Special Lecture

    The workshops for Tech Ambassadors of the Metaverse School of Engineering have been expanded as a series of Special Lectures that can be attended and viewed by faculty, staff, current students, and participants in reskilling courses. The second lecture was given by Dr. Teruo Fujii, President of the University of Tokyo, on "Technology Beyond the Realm.

Content of Lecture

Lecture: Teruo Fujii, President, The University of Tokyo

Title: Technology Beyond the Realm - Dear Tech Ambassadors of the Metaverse School of Engineering 

　　I originally graduated from the Department of Naval Engineering in the Faculty of Engineering with a degree in technology for building ships and offshore oil rigs for oil drilling. After completing graduate school, I worked at the Institute of Industrial Science and Technology (IIST) and RIKEN, became a professor and then the director of the IIST, and later served as the university's executive officer and vice president, director, and vice president before assuming the position of president last year.

　My research, which began in naval engineering, has crossed over many domains, eventually becoming Applied Microfluidics Systems, which create a wet system on a device to make it react, or to cultivate cells to study the efficacy of a drug.

　This is also related to research on the deep-sea environment, and recently I have been working on artificial reaction systems that combine DNA and enzymes to create neural networks and use molecules to process information. I would like to talk about how I have strayed so far from naval engineering.

　When I was an undergraduate student in 1985, underwater robots (now called underwater drones) were being realized. How to control and operate such autonomous underwater robots was a major challenge.

　For example, how to make them swim in a straight line? If you write the equations of motion, they become extremely complex and nonlinear. If you change the configuration even slightly, you have to start all over again. It was a daunting process of conducting tank experiments, identifying parameters, and designing the control system each time.

　So I made a model of a neural circuit and created a simple neural network system in which the robot gradually became better and better at swimming. At first it flops around akwardly, but gradually it builds a model of the characteristics of its own locomotion, tunes the control system, and becomes able to swim properly. This model of locomotion is called a "recurrent network" and is very commonly used in current deep learning.

　This is the very prototype of today's AI. At that time, it took about two weeks of computation on a 16-bit computer, and before you knew it, the data had diverged and the computation had stopped, but nowadays, this capacity has expanded exponentially, making it possible to perform extremely high-speed computation and collect large amounts of data. This development itself is making AI truly usable.

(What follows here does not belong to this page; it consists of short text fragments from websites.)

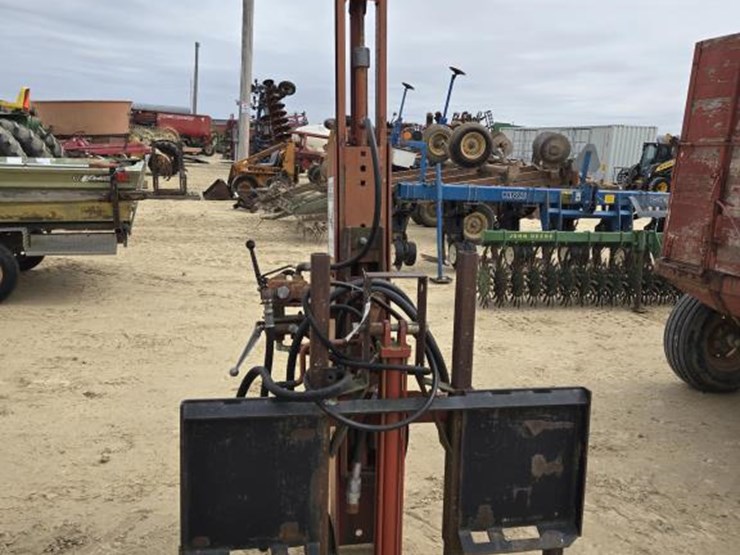 #395-•-shaver-hd8-skid-loader-post-driver-image-6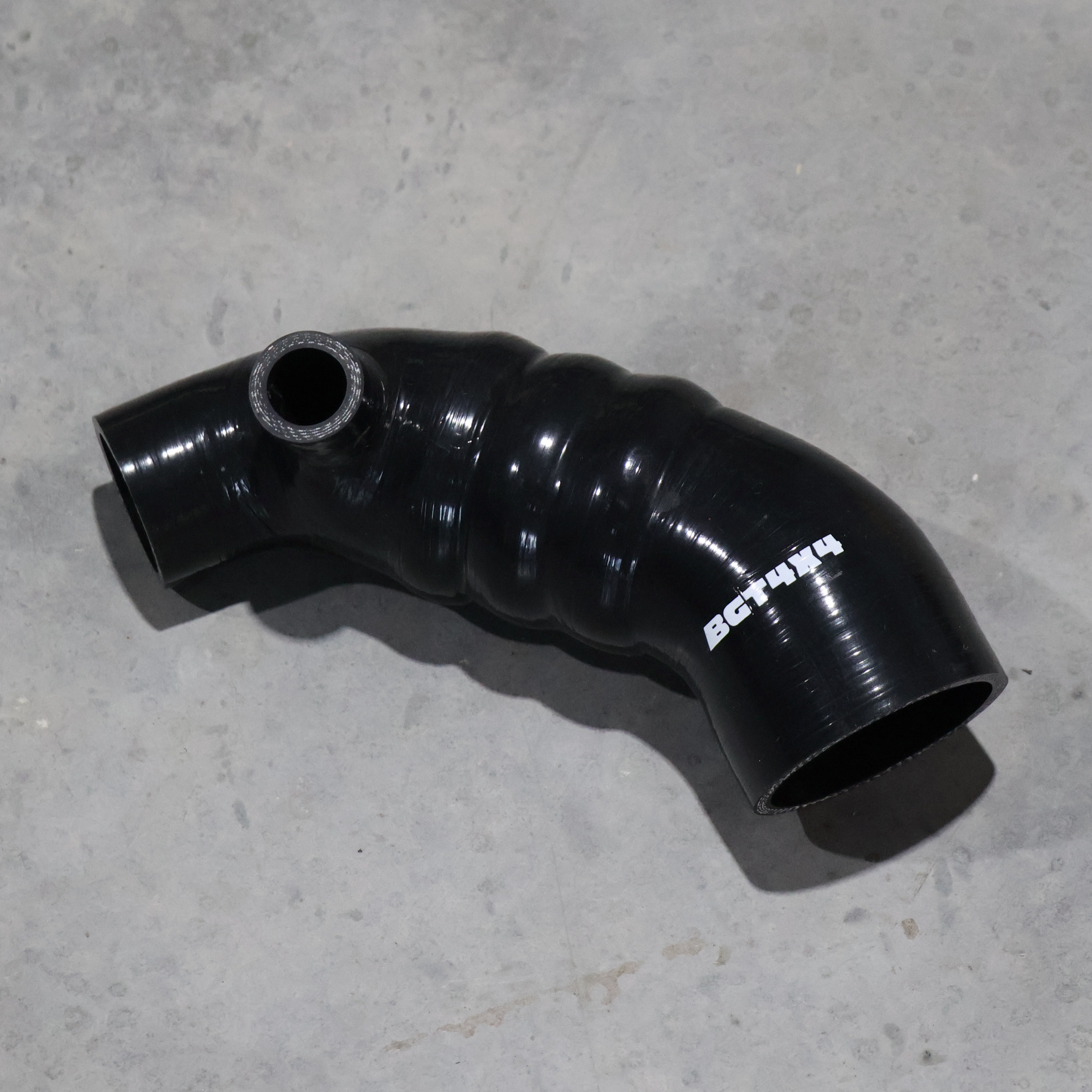 Silicone Turbo Intake Hose for Mitsubishi Triton MN & Challenger PB-PC 2.5L Diesel (2009-2015)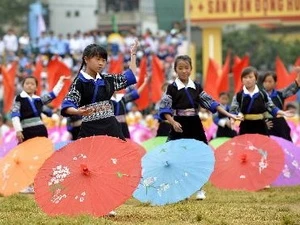Students in a performance at the ceremony (Source: VNA)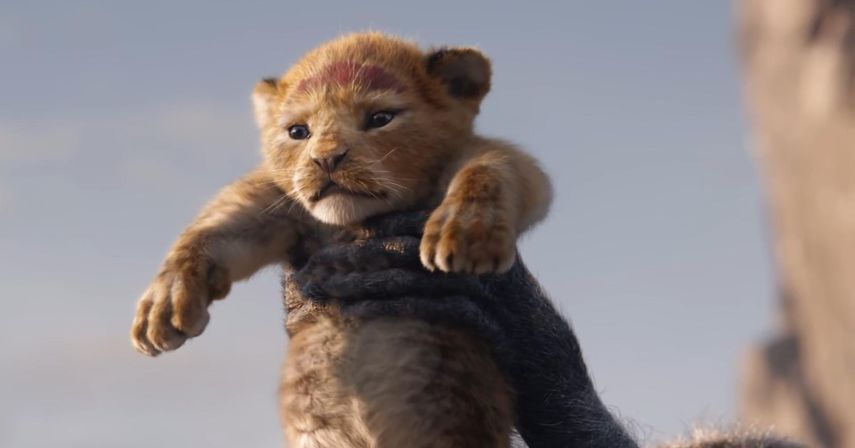 En este adelanto de The Lion King aparecen el león protagonista Simba y su padre Mufasa, su compañera Nala, y su malvado tío Scar, entre otros.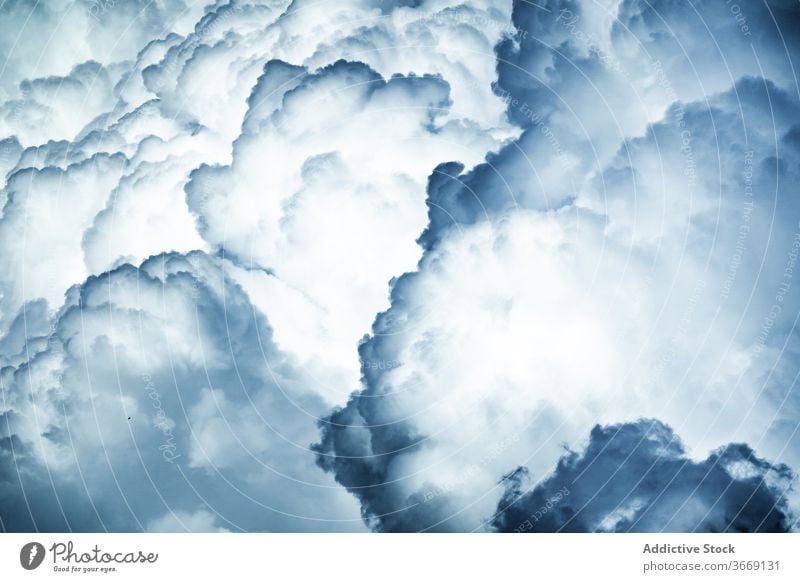 Erstaunlich Blick auf stürmischen Himmel mit Wolken wolkig kumulonimbus Gewitter dunkel Hintergrund Cloud spektakulär abstrakt Gewitterwolke unheilbringend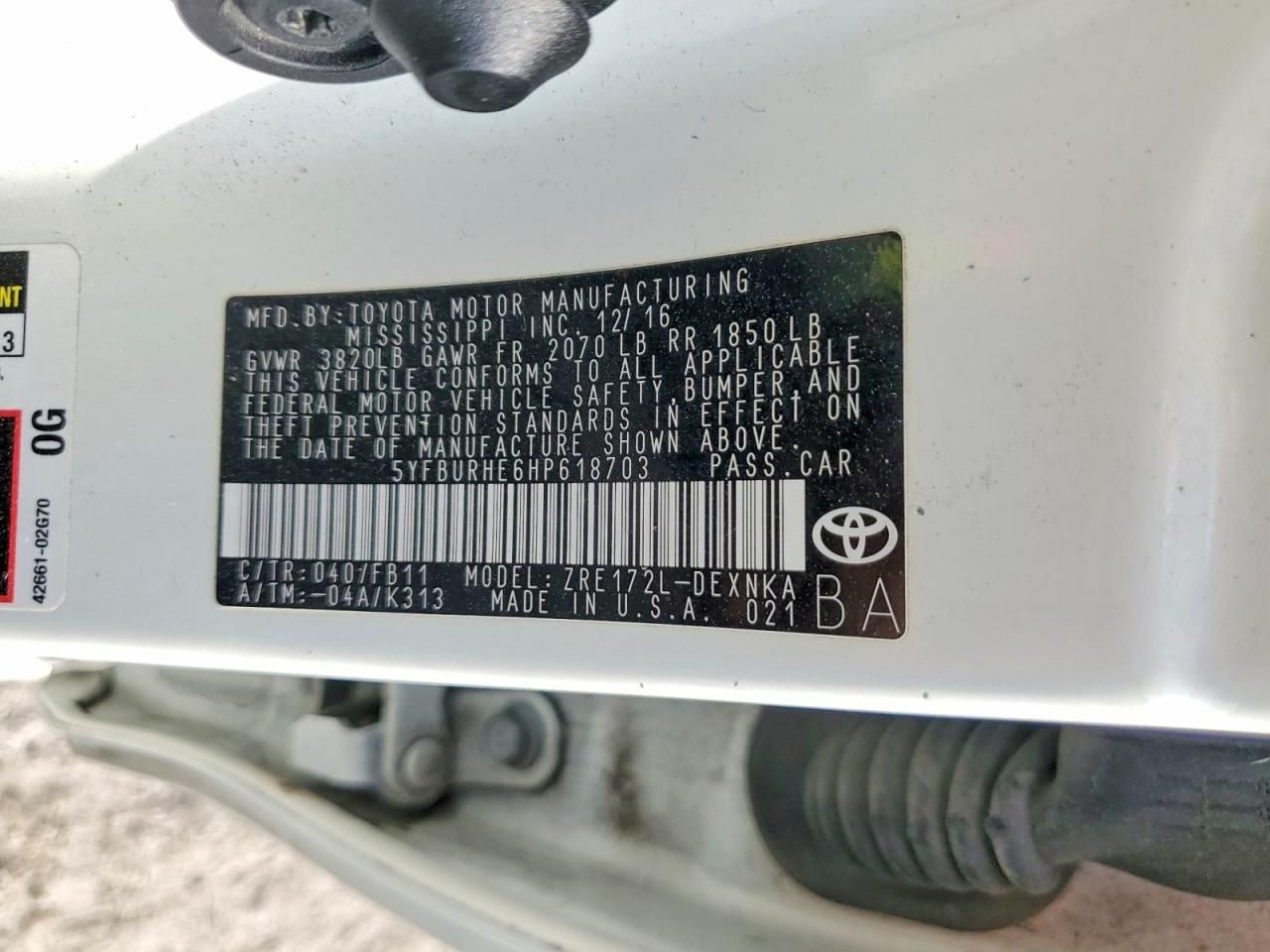 2017 TOYOTA COROLLA L photo 12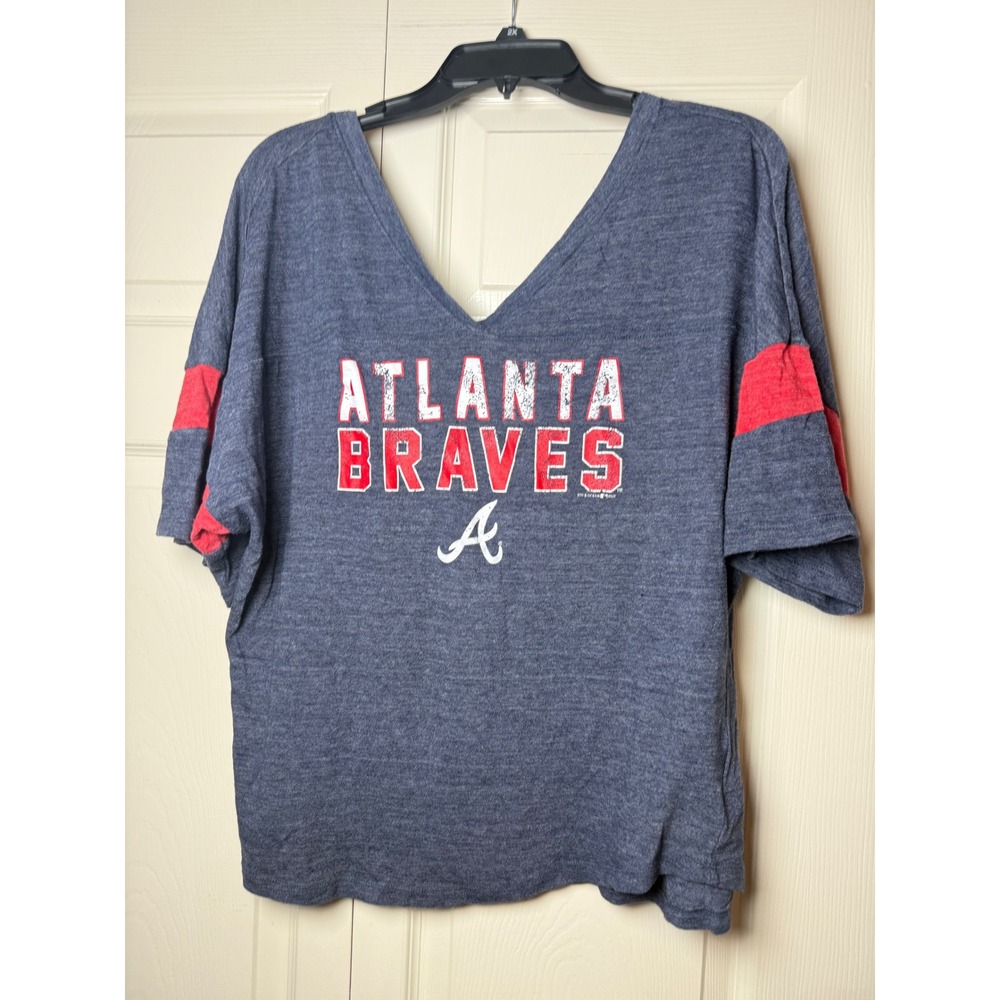 New Era‎ Atlanta Braves MLB V-Neck Graphic T-Shirt Navy Blue Women 1X Oversized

The lecture by President Fujii

　After that, I started research on microfluidics, a completely new theme at RIKEN. At the time, the idea was to create "micromachines," small vehicles that were like extensions of undersea robots that could be placed inside the body. However, it is not really easy to make a robot small and still cause big mechanical effects.

　Rather, we came up with the idea that if we could use microscopic space and utilize it with chemicals, we could expect big effects. By working together with the biology professionals at RIKEN, we could also cross the boundaries of the field.

　So we started a research field in which we created a very small space, about 50 microns in diameter, or about half the scale of a hair, and handled liquids in it like a microscopic test tube.

　We started by reproducing firefly luminescence by making an enzyme called "luciferase" from firefly genes, and then developed the technology to synthesize proteins from genes without using cells. As we make the volume smaller and smaller, we can make a very dense protein array, a collection of purely encoded proteins from a single piece of DNA. So in controlling the reaction, we started to map out how the reaction would be when mixed together to see the whole picture.

　We make mixtures of different ratios in about 10,000 droplets at once. We would put fluorescent labels together to distinguish what concentration of DNA or enzyme was put in each one. After rearranging the measurements of these in the computer in places corresponding to the mixing ratios, we can now identify in a single run how the substance has increased or decreased according to the concentration ratio of one parameter to another. While it would be very difficult to do this experiment one by one, in a microfluidics system with many small test tubes, it is possible to make many droplets at one time and read out various combinations of reaction conditions all at once.

　I believe that this will lead to a new type of computing. The term "information explosion" has been used for about 10 years now, and we need to keep building data centers. However, if it is silicon-based, it will become physically impossible around 2050. With DNA, one kilogram of DNA has a data density of zettabytes, which can computationally contain the data of the entire Internet. DNA is a very stable molecule, so it may be an effective candidate for information storage that can be kept for 100 years or so.

　I want to tell you all that we do not know what the future holds for the various things we are currently working on. The thing is that if you think carefully from the perspective of what you are doing now, you will be able to make use of it as a perspective that no one else has when you face a completely different challenge in the future. Therefore, I believe that taking on new challenges and new areas will lead to the creation of the society of the future.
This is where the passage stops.